The corrupt cops end up on the radar of sexy crusading journalist Jack Lynch (Just One of the Guys’ Clayton Rohner), who receives a mysterious phone call from the titular siren despite her ostensibly being dead. The wannabe Bob Woodward is haunted and intrigued so he begins investigating her death and the possible role police corruption might have played in her demise. 

This leads the hard-charging reporter to begin a steamy sexual affair with Victoria Dillon (Mia Sara of Legend, Timecop and Ferris Bueller’s Day Off), Jack’s unhappy, abused wife. 

Caroline at Midnight also stars Melvin and Howard and American Graffiti’s Paul Le Mat, Xander Berkeley, Virginia Madsen, Stacey Travis, Gremlins’ Zach Galligan and Thomas F. Wilson. Its decision to have Clayton Rohner and Mia Sara handle all the sex stuff feels oddly random. It’s as if they spun a wheel and determined that Rohner and Sara would do all the nudity rather than, say, Zach Galligan and Virginia Madsen. 

Gratuitous nudity is Caroline at Midnight’s raison d’etre. It exists for three or four minutes of c-list celebrity skin featuring Sara and quite possibly a body double of some sort. To give credit where it’s due, Caroline at Midnight delivers the goods when it comes to nudity and sex of great quantity. For dedicated onanists, that’s what really matters. Everything else is superfluous. 

Madsen costars as a raven-haired femme fatale who deals drugs and has a professional relationship with Daly’s deranged detective. Considering the material, her character and the dialogue, Madsen is fortunate that she’s barely in the film. 

She’s a two or three scene wonder who seems appropriately mortified by dialogue straight out of a third-rate blaxploitation movie.
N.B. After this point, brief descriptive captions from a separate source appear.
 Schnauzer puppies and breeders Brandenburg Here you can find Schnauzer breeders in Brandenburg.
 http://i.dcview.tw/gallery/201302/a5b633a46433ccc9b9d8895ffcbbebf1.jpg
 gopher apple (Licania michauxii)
Blaxploitation was full of modestly priced, extremely available but familiar names and faces willing to degrade themselves for a paycheck. 

Caroline at Midnight is largely devoid of characters of colors yet it still conveys the sleazy, sordid vibe of a blaxploitation cheapie filled with slumming white character actors all the same. Berkeley and Nelson meet early deaths because the world of Caroline at Midnight is dark and nihilistic and full of danger and intrigue but also because even Nelson and Berkeley have WAY better things to do with their time than devote more than a day or two to this stinker. 
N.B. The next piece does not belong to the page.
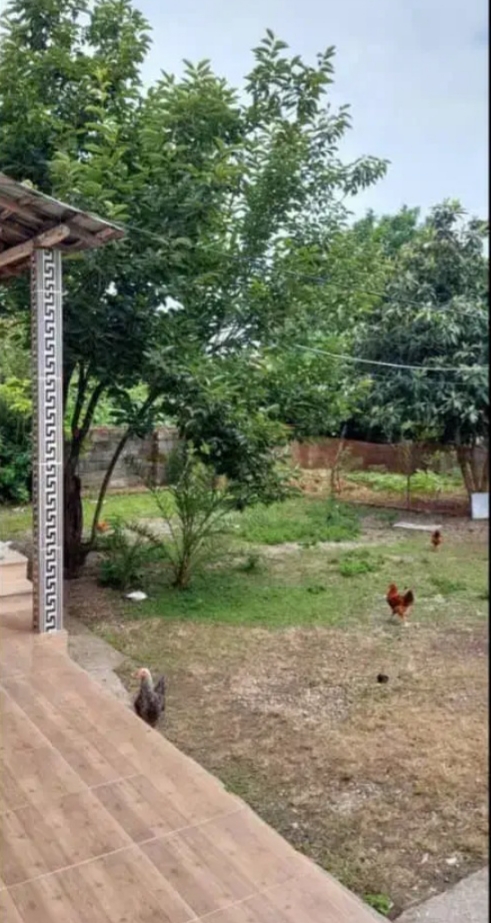 تصویر املاک 5265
That’s right: I called Caroline at Midnight a stinker AGAIN. I am willing to stand before the Lord and the sum of humanity and confidently assert that this obscure, unloved movie is not good. 

Madsen’s role is an insult and the film one of many nadirs from this stage of her career but she pulls it off with as much dignity and distinction as possible. It’s not her fault that this is lurid garbage with nothing but titillation on its mind. 

Actors act. Sometimes those projects are Sideways or A Prairie Home Companion. More often they’re forgettable garbage like Caroline at Midnight and you do the best that you can with dire material.  

I’d never seen affable 1980s icon Clayton Rohner, who previously teamed with Madsen for the charming 1986 coming-of-age comedy Modern Girls, as a sexy, charismatic leading man before watching Caroline at Midnight. I didn’t feel that way after watching Caroline at Midnight either. 

Everyone’s trying to be something they’re not here. Rohner is trying to be an edgy leading man. Daly is trying to be a demonic bad guy with a brain full of hate and evil schemes. Sara is trying to be Shannon Tweed. The filmmakers are trying to make Body Heat on a Roger Corman budget. Nobody succeeds. 

Madsen deserves so much better than a nothing role in a nothing movie like this. Thankfully she would go on to do bigger and better work but also appear in an AWFUL lot of garbage as well. 

And I will watch and write about it all! That’s a cause for both excitement and trepidation because while I love Madsen as an actress I REALLY do not care for a lot of the movies she made, particularly at this point in her career.